The US meaning would be more appropriately applied to the billionaires living on yachts, who take lots at the cost of others' health and wellbeing, and don't even try to give in return.
OTOH, a person who is ill in some way, who because of this is struggling to meet standards that are considered basic, can only be considered worthless if we are stripping them of their humanity and saying that you only have worth if you can meet certain standards of labor. Which is a horrible way to view a person. Now let's look at sponging:
Once again, it is the capitalist class who lives parasitically, not a depressed person. Wanting you to matter too insofar as you get the care you need to survive is not the same as treating people like a resource to extract from.
It is literally impossible to reach adulthood without receiving a lot of care and help from others, so nobody is getting out of that, no matter how bootstraps they want to consider themself to be; which means we all share an experience of getting help from each other to one degree or another. Hyper individualism paints a picture that once you ding adulthood, you abandon all of that and become a bootstraps tugger now, but pulling oneself up by their bootstraps originated as a saying that meant something impossible to do.
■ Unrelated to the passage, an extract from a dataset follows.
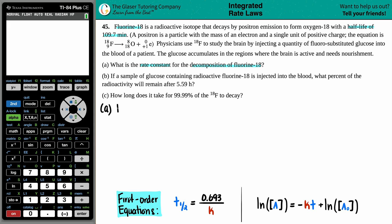A half-life means the amount of time to take your substance and break it into two equal pieces — so 50%. The half-life for fluorine-18 is 109.7 minutes, which is a little shy of two hours. Two hours would be 120 minutes, so we're roughly around an hour and 40 minutes.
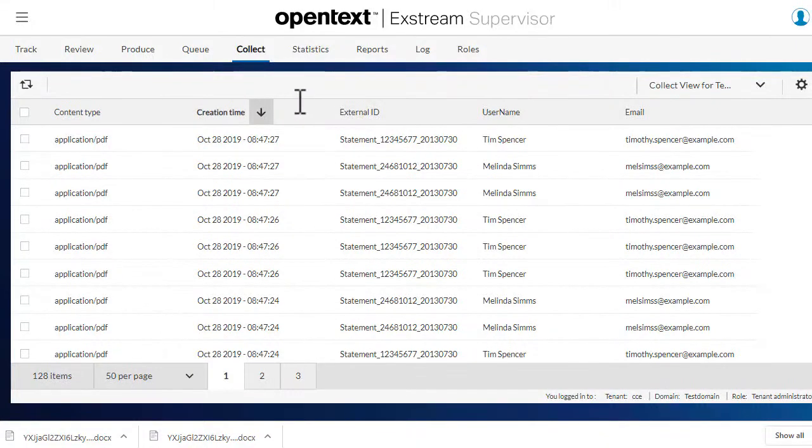If you have the required permissions, you can delete the document from the Collect view. Let's filter on documents first.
And now idler: This one is pretty straightforward, "one who spends his time in inaction." This means little on its own. There are plenty of valid reasons to be inactive, such as when resting or when healing from an injury. Capitalism often equates effort put in as value produced, but it's very easy to do busywork and go nowhere fast in a lot of contexts. Being idle is not intrinsically much of anything other than being idle. We cannot be in motion all of the time and we will burn out and break down if we try.
This may seem excessively pedantic, but the point is to interrogate the language that can be used to hurt us, that is easy to reflexively believe in. I myself sometimes have moments I think of myself as a "loser", but these days there's a part of me in the back who is like, "Isn't winner and loser (in the sense of identity in life) a capitalist framing?" The billionaires are incredible winners in a capitalist metric of value and we despise them for good reason.